Image-caption web data
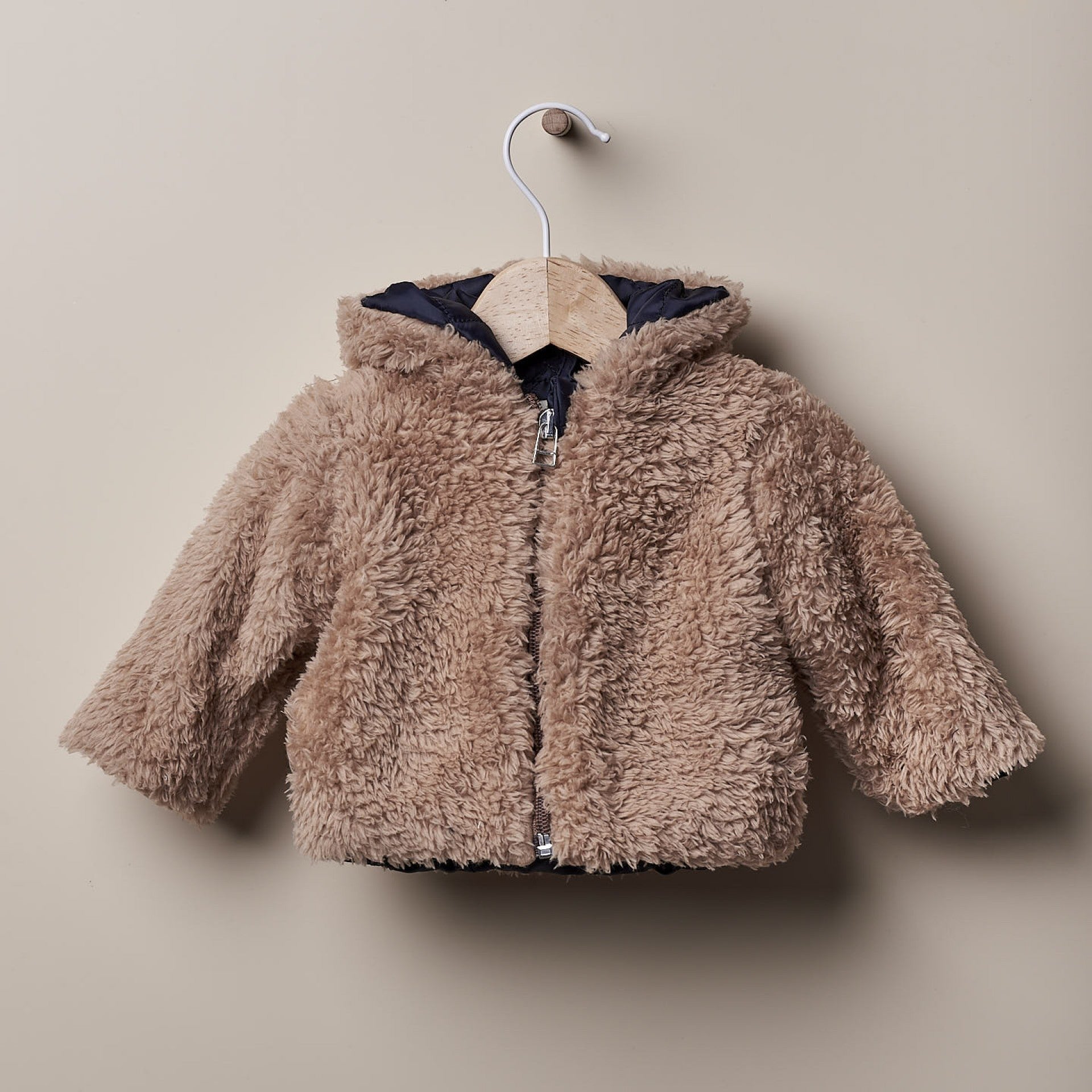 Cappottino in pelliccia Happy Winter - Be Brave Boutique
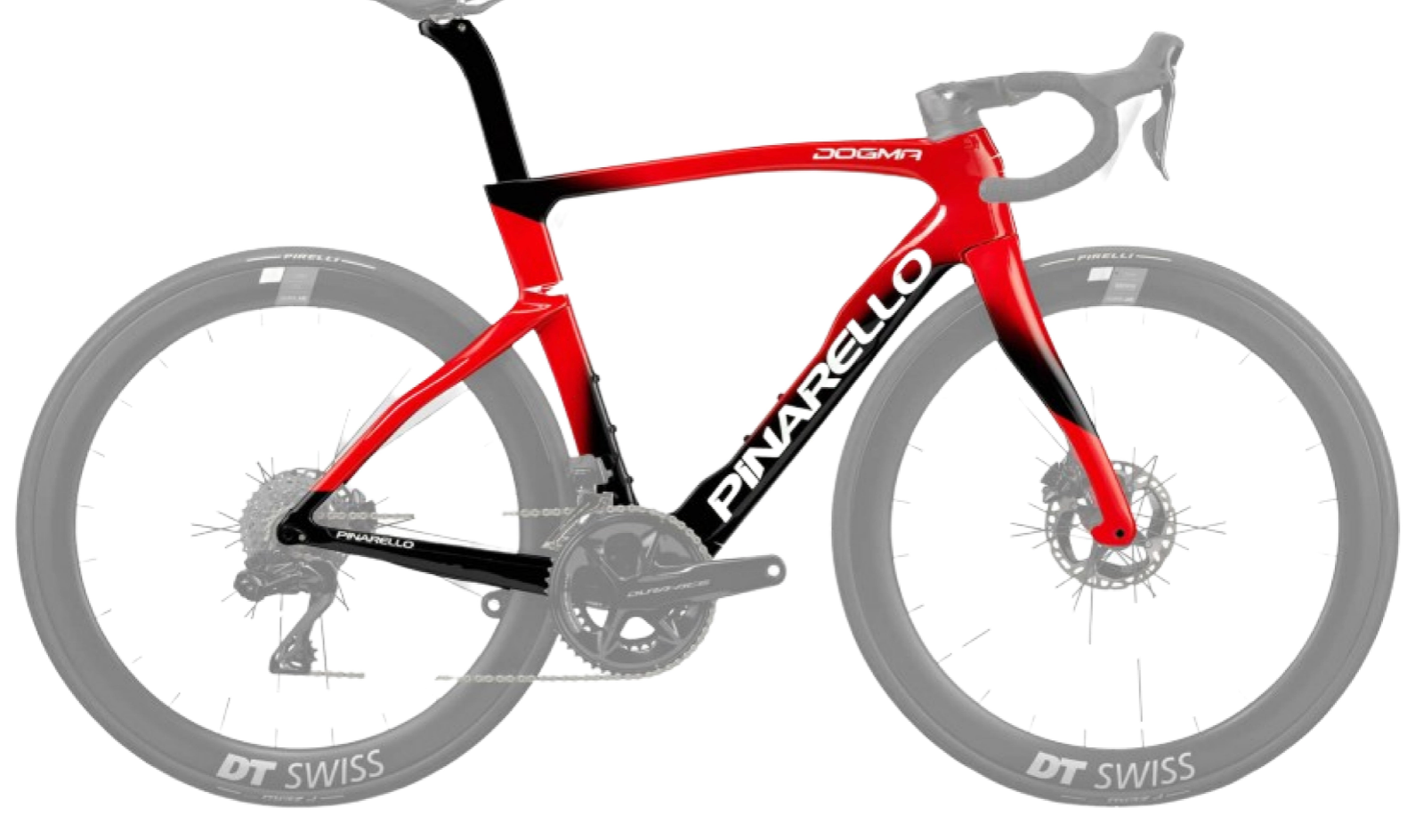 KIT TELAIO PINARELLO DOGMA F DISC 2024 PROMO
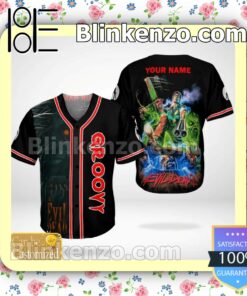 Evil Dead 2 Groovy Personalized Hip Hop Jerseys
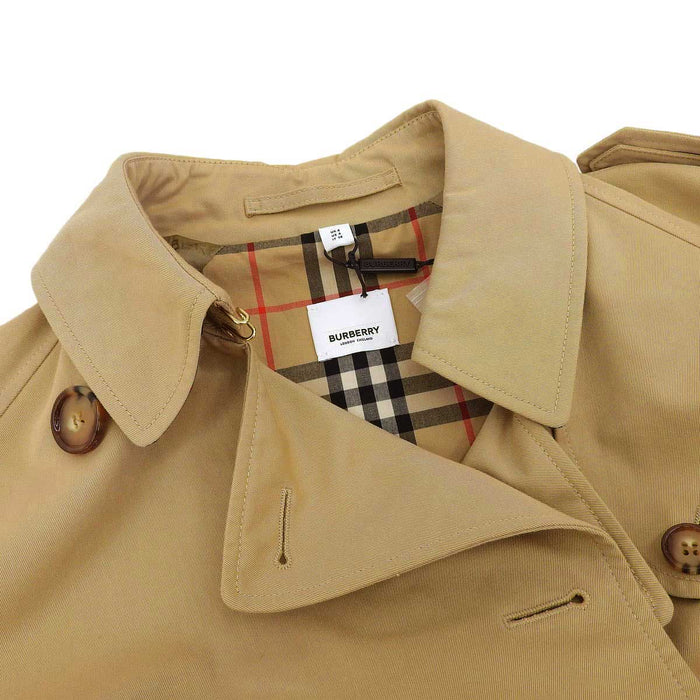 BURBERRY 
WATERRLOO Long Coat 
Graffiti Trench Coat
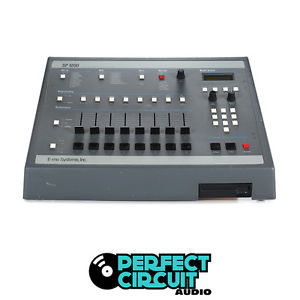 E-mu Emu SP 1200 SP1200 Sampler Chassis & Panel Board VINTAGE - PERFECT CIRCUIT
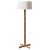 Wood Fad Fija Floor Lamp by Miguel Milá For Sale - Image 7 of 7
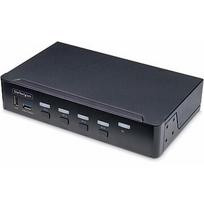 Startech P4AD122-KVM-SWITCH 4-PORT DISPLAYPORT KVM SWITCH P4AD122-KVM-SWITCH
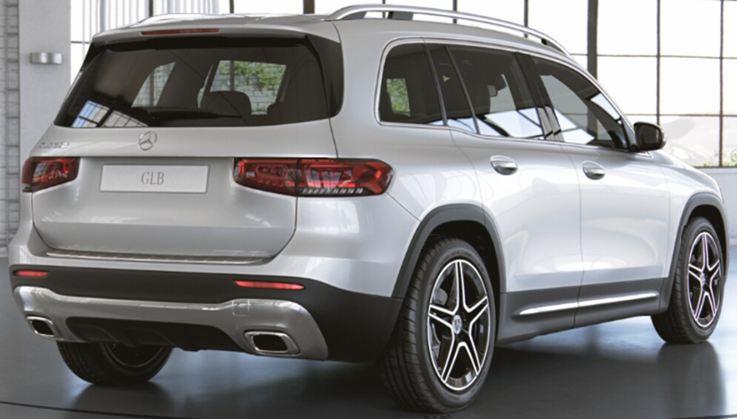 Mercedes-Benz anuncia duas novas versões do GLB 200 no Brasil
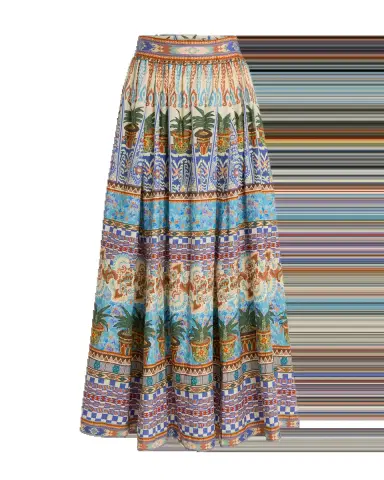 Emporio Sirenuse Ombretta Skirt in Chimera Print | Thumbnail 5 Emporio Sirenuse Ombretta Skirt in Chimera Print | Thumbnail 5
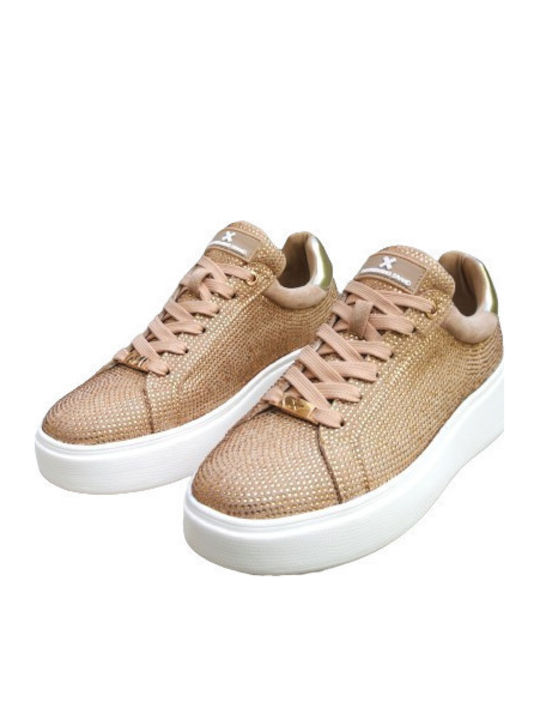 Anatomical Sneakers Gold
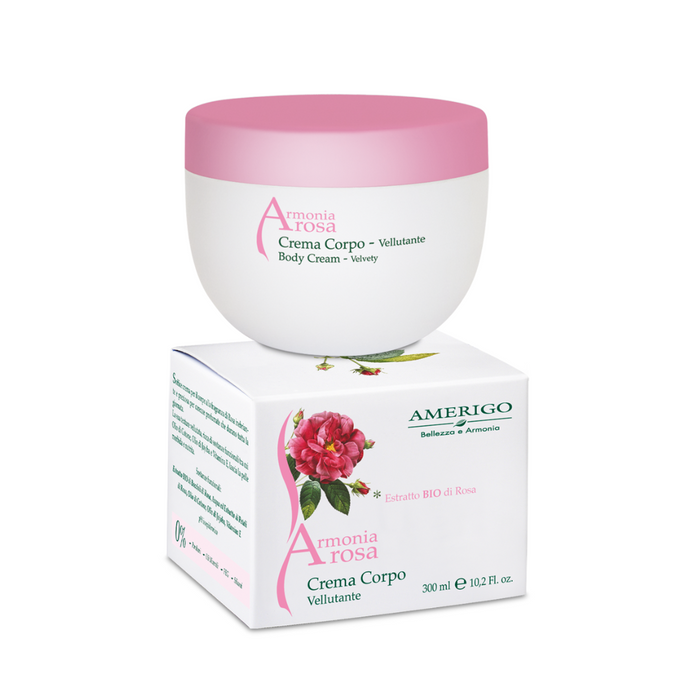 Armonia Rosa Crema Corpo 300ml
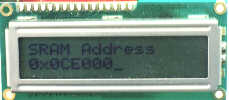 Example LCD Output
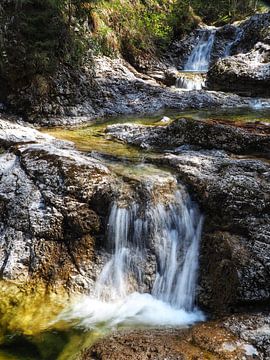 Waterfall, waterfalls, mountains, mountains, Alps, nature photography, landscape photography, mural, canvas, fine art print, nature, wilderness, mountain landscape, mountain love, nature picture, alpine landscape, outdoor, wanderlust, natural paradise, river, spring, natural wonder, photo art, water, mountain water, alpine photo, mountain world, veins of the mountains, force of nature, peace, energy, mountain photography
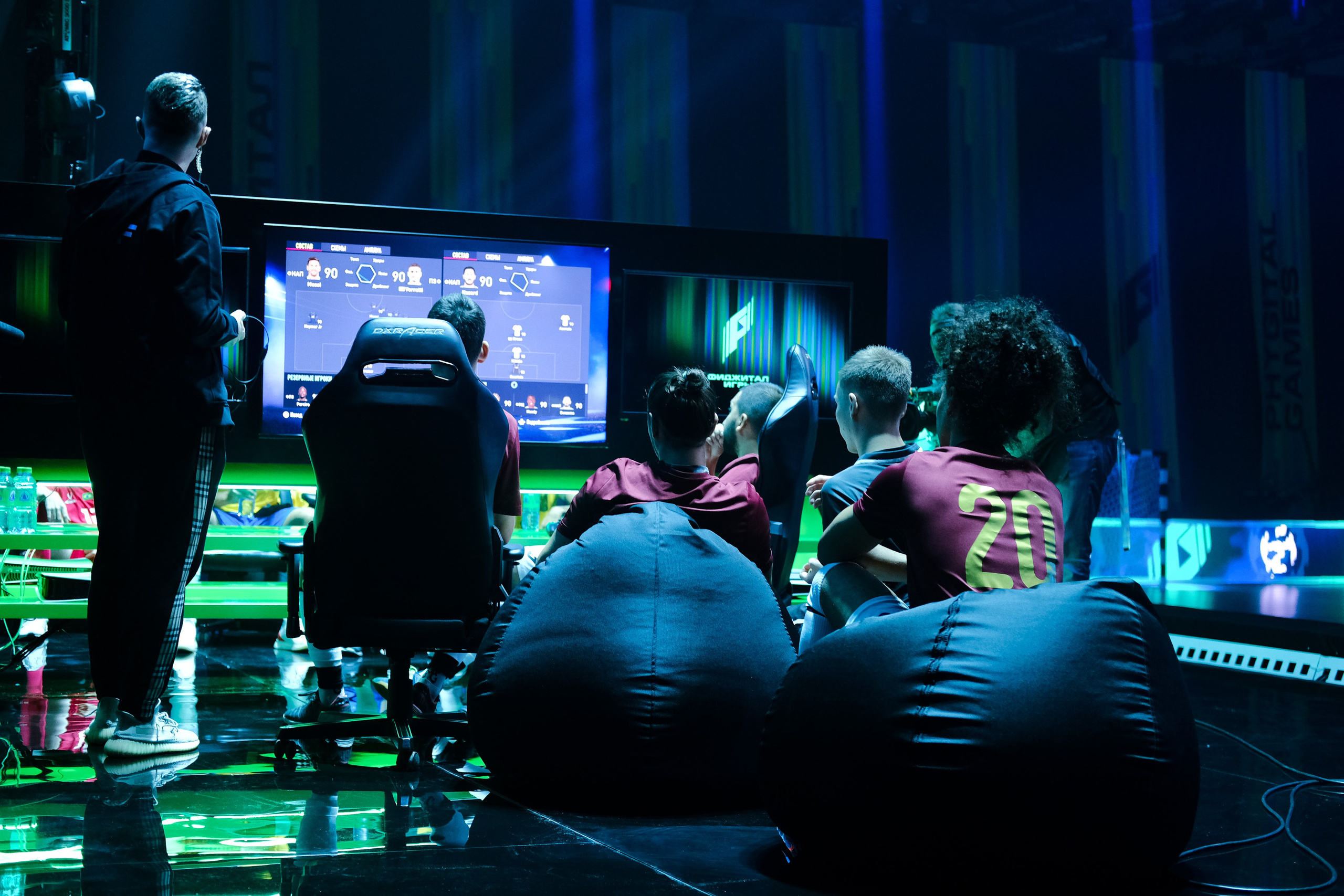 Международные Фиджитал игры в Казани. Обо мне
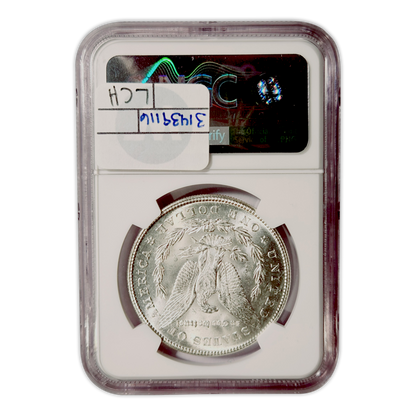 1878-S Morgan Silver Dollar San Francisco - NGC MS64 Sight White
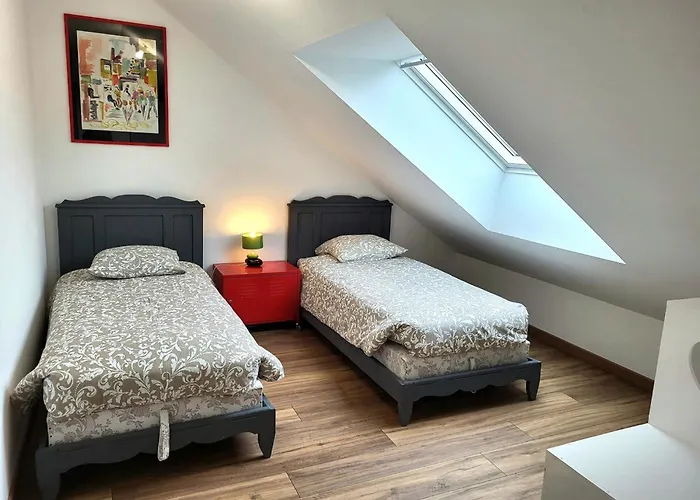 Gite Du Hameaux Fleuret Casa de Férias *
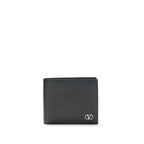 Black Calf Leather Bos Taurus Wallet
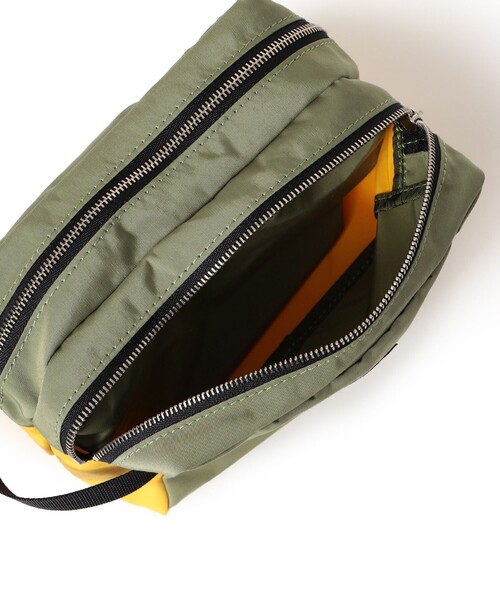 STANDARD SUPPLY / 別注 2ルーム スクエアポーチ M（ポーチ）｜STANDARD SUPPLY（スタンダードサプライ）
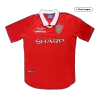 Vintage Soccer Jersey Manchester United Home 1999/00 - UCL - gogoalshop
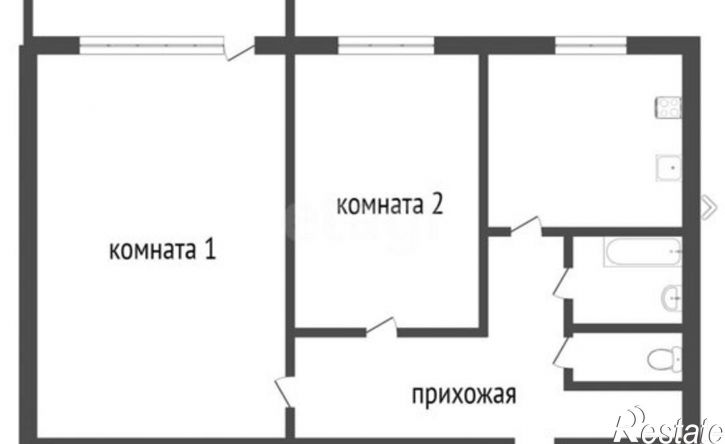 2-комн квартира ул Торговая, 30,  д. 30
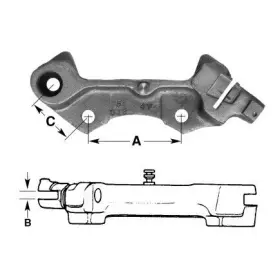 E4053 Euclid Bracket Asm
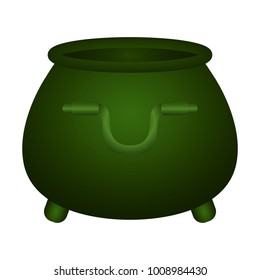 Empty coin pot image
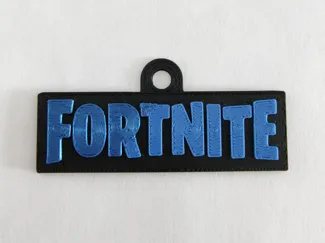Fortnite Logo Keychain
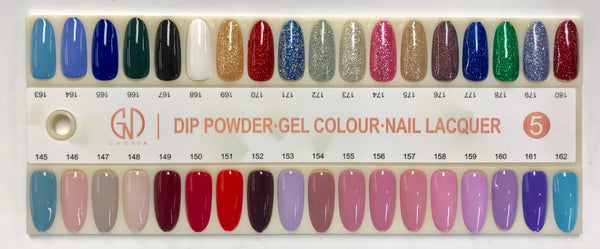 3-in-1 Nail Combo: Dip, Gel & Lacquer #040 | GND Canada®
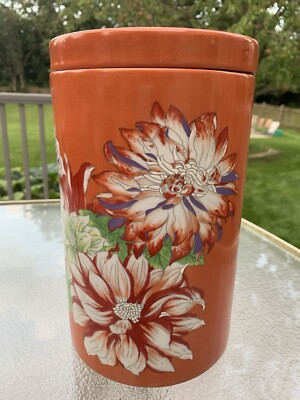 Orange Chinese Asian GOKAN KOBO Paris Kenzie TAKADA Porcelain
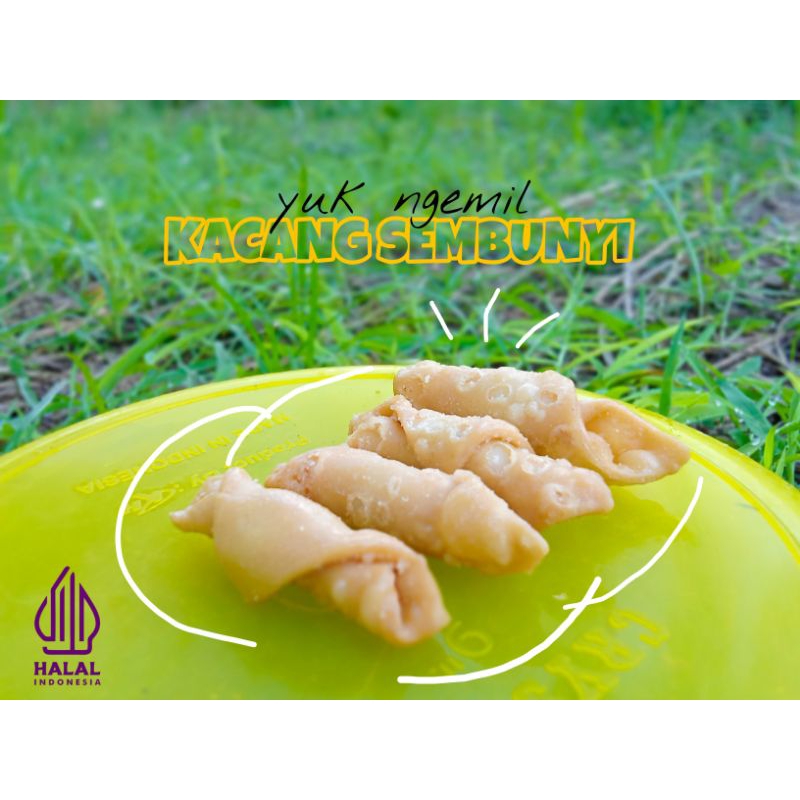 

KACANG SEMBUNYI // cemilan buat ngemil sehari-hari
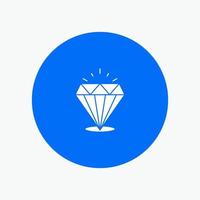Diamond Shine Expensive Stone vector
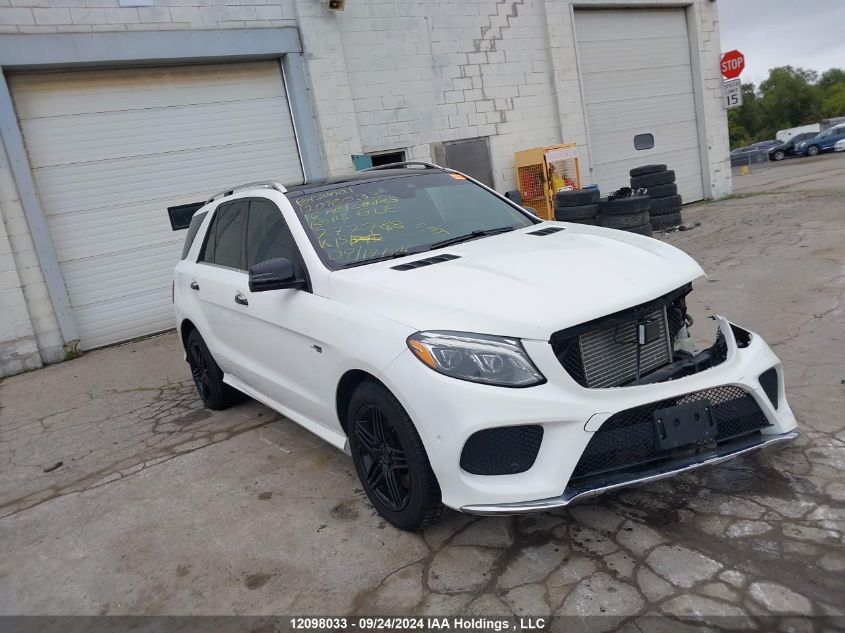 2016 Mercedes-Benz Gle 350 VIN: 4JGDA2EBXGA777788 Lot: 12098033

About this task → Reproduce the records verbatim, omitting all images they contain.

Your solution →
 Cappottino in pelliccia Happy Winter - Be Brave Boutique
 KIT TELAIO PINARELLO DOGMA F DISC 2024 PROMO
 Evil Dead 2 Groovy Personalized Hip Hop Jerseys
 BURBERRY 
WATERRLOO Long Coat 
Graffiti Trench Coat
 E-mu Emu SP 1200 SP1200 Sampler Chassis & Panel Board VINTAGE - PERFECT CIRCUIT
 Wood Fad Fija Floor Lamp by Miguel Milá For Sale - Image 7 of 7
 Startech P4AD122-KVM-SWITCH 4-PORT DISPLAYPORT KVM SWITCH P4AD122-KVM-SWITCH
 Mercedes-Benz anuncia duas novas versões do GLB 200 no Brasil
 Emporio Sirenuse Ombretta Skirt in Chimera Print | Thumbnail 5 Emporio Sirenuse Ombretta Skirt in Chimera Print | Thumbnail 5
 Anatomical Sneakers Gold
 Armonia Rosa Crema Corpo 300ml
 Example LCD Output
 Waterfall, waterfalls, mountains, mountains, Alps, nature photography, landscape photography, mural, canvas, fine art print, nature, wilderness, mountain landscape, mountain love, nature picture, alpine landscape, outdoor, wanderlust, natural paradise, river, spring, natural wonder, photo art, water, mountain water, alpine photo, mountain world, veins of the mountains, force of nature, peace, energy, mountain photography
 Международные Фиджитал игры в Казани. Обо мне
 1878-S Morgan Silver Dollar San Francisco - NGC MS64 Sight White
 Gite Du Hameaux Fleuret Casa de Férias *
 Black Calf Leather Bos Taurus Wallet
 STANDARD SUPPLY / 別注 2ルーム スクエアポーチ M（ポーチ）｜STANDARD SUPPLY（スタンダードサプライ）
 Vintage Soccer Jersey Manchester United Home 1999/00 - UCL - gogoalshop
 2-комн квартира ул Торговая, 30,  д. 30
 E4053 Euclid Bracket Asm
 Empty coin pot image
Fortnite Logo Keychain
 3-in-1 Nail Combo: Dip, Gel & Lacquer #040 | GND Canada®
 Orange Chinese Asian GOKAN KOBO Paris Kenzie TAKADA Porcelain

KACANG SEMBUNYI // cemilan buat ngemil sehari-hari
Diamond Shine Expensive Stone vector
 2016 Mercedes-Benz Gle 350 VIN: 4JGDA2EBXGA777788 Lot: 12098033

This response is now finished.